PROBLEM DESCRIPTION:
Among the entries beneath this sentence, how many lines include the word "with"? Only the number is wanted.

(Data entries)
━━━━━━

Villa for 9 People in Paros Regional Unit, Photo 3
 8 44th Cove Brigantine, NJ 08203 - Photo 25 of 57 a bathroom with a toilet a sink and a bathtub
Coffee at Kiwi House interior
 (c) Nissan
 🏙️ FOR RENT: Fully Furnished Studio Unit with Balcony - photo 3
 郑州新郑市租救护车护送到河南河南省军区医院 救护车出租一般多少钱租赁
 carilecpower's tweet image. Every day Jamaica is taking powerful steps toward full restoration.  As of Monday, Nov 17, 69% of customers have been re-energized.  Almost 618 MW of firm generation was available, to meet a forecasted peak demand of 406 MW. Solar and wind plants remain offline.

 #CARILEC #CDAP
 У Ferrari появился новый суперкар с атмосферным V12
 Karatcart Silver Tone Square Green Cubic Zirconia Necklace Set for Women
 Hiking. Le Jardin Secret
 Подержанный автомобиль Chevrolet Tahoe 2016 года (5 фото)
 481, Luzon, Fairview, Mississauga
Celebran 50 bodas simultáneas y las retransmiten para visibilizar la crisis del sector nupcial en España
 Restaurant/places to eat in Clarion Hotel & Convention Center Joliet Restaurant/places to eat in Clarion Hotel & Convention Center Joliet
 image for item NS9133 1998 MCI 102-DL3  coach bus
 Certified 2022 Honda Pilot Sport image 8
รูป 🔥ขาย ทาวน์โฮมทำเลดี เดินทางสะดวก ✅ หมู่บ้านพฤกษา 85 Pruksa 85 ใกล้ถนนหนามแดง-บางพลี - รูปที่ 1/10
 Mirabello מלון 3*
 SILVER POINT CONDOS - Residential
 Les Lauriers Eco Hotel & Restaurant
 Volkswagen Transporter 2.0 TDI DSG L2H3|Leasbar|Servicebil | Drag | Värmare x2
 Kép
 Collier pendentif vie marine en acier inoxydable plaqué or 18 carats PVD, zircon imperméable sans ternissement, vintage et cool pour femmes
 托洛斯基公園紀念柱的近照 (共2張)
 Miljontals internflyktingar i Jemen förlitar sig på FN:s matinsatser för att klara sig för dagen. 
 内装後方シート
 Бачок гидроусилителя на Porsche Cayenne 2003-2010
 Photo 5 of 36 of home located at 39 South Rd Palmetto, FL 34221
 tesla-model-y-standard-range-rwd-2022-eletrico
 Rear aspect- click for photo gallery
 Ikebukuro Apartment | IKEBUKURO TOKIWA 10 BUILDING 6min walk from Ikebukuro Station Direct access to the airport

━━━━━━

SOLUTION:
2